At his firm, they've issued engineering opinions on billions of dollars of PUD revenue bonds, he said.

"I've probably given 100 pitches to rating agencies," he said. "Rating agencies don't care. You still have your $120 million there. They look at a line of credit and cash as a moral equivalent."

He also recommended lower, four-percent increases in 2012 through 2015.

Alliance members represent about 40 percent of the district's revenue sales.

Lon Topaz of REC Silicon said the company is getting close to paying the final tiered rate if the next plant expansion goes forward.

"I suspect REC will be the only people paying it," Topaz said. The current rate schedule 15 (for industrial customers) already has customers paying marginal cost of new resources when you run out of hydropower."

Enacting a rate in place before it gets paid seems to be problematic, he said.

Marvin Price of Lamb Weston/BSW in Warden said the company supports the alliance and its proposal.

After reviewing the district's budget, it doesn't seem like the PUD is in a recessionary environment, he said.

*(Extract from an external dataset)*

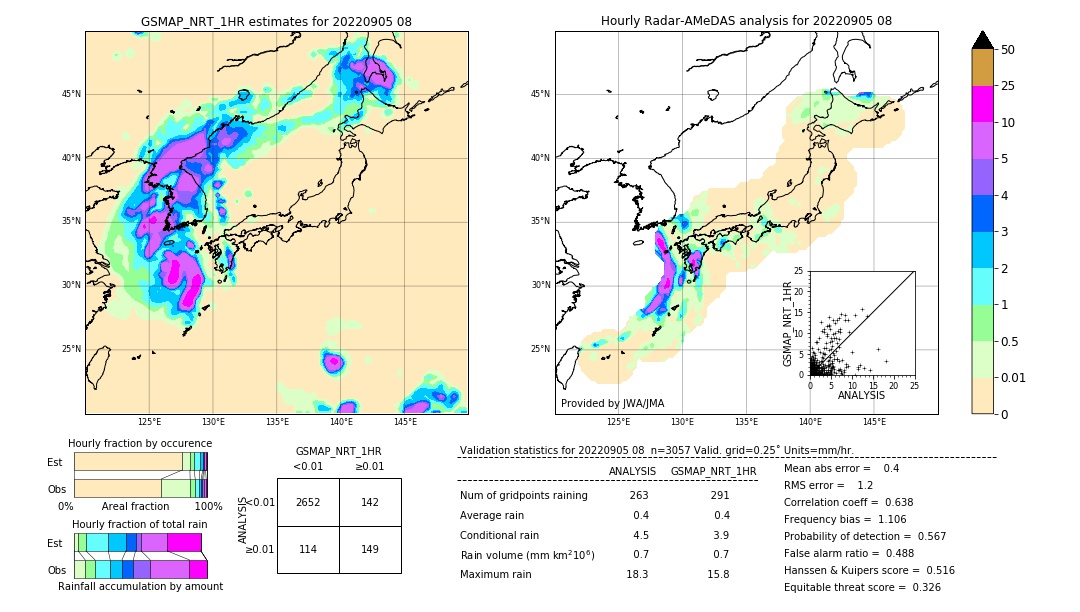 GSMaP NRT validation image. 2022/09/05 08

"Only the PUD could have this type of capital plan," he said. "The rest of us would not be in business."

As increases are considered, he said the district must reevaluate capital expenses going forward.

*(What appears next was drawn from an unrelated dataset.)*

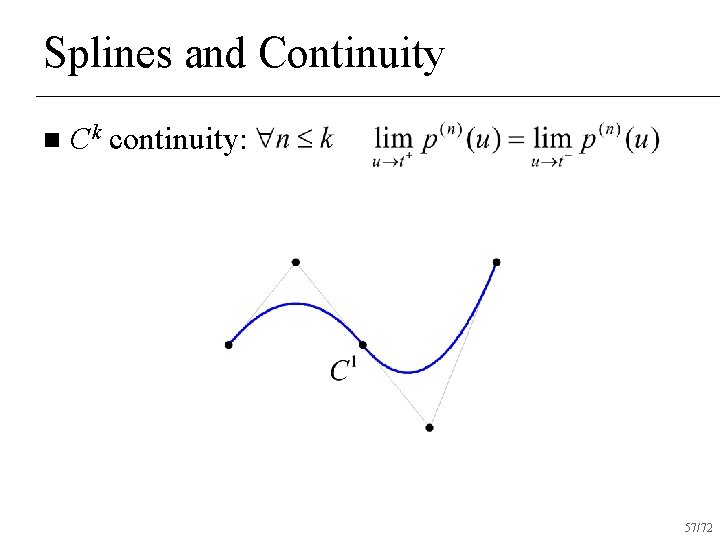 Splines and Continuity n Ck continuity: 57/72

He said they don't like to be singled out for extraordinarily high increases.

Lee Willis, of Titan Data Center in Moses Lake, said the company began a project in 2008, which it is still in the middle of.

The company is building a multi-tenant data center for customers on Randolph Road.

They completed the first construction phase of the project this month.

Based on 2008 rates, they were looking at a projected bill of $221,000 per month.

Between 2008 and what they're paying now, the rate increased by 14.12 percent. From 2008 to 2015, they are looking at an increase of 90.14 percent, he estimated.

The economy is "screaming" 3 to 4 percent numbers, he said.

Willis asked commissioners to consider re-crunching the numbers, as a significant portion of the rates could have gone toward new jobs.

"Whether it's a deal breaker or not for the project, I don't know, I don't make that decision," Willis said. "You're impacting a project by an additional $2.5 million."

John Ford, of Sabey Data Center Properties, said the company is building the first of three buildings in Quincy and prefers to stay in Washington state.

If some of the proposed rates go into effect, the company might not be able to build the other buildings, he said.

In western Washington, the state Route 520 floating bridge/tunnel project came in under budget, he said.

He asked if the district has the opportunity to reexamine its project costs.

Commission President Randy Allred said debt service is increasing by more than $50 million this fall.

Commissioner Tom Flint said the commission is taking the issue seriously and was looking at the budget that morning to see if they could reprioritize spending.

The district is dealing with different license requirements than it had in the past, he said.